Preparation time: 30 minutes
Cooking time: 5 minutes
Serves: 4
Ingredients
500g fresh ricotta
1 cup grated parmesan
2 extra-large egg yolks
½ teaspoon finely grated lemon zest
2 tablespoons basil leaves, finely chopped
1 cup plain flour
Salt flakes & freshly ground black pepper
500g Napolitana pasta sauce
To serve:
Baby basil leaves
Method
Line a sieve with kitchen paper and drain ricotta, pressing down gently with extra kitchen paper, to help absorb any additional moisture.
In a large mixing bowl combine ricotta, ¾ cup parmesan, yolks, zest, basil, salt and pepper, stirring until well combined. Add flour and gently knead mixture to a smooth dough, on a clean lightly floured surface.

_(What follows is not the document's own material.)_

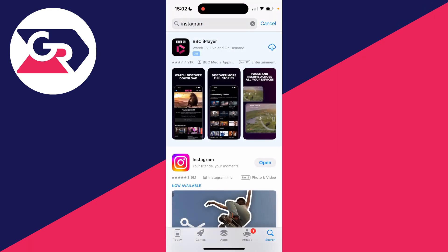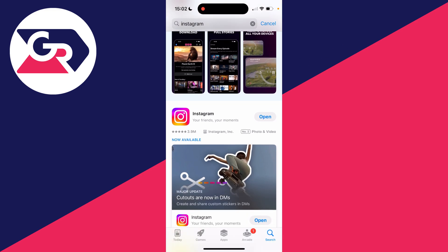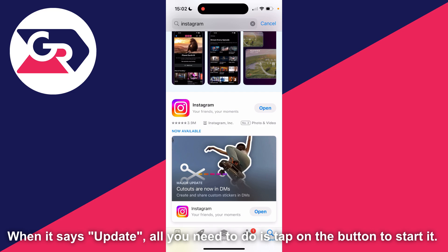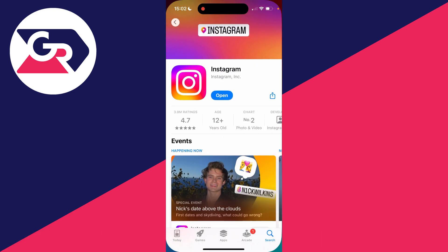Here is Instagram. If there's an update available, the button will say 'Update'. If it says 'Open', that means you've already got the most up-to-date version of Instagram installed. So just check that button to see whether an update is needed — it's that simple.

Evenly divide dough into four pieces and roll each into 2cm wide sausages, dusting with extra flour. Lay sausages side by side and using a knife cut gnocchi into 2cm pieces. To shape gnocchi, use a gnocchi board or fork to create grooves on one side and an indent on the other, to help the sauce coat the gnocchi.
Heat napolitana pasta sauce in a large saucepan, over a medium heat.
To cook gnocchi, bring a large saucepan of salted water to a gentle boil. Carefully place gnocchi in water and cook for 2-3 minutes or until gnocchi floats to the top. Using a slotted spoon remove gnocchi from pan and add to sauce, tossing gently to coat.
To serve, sprinkle over basil leaves and remaining parmesan.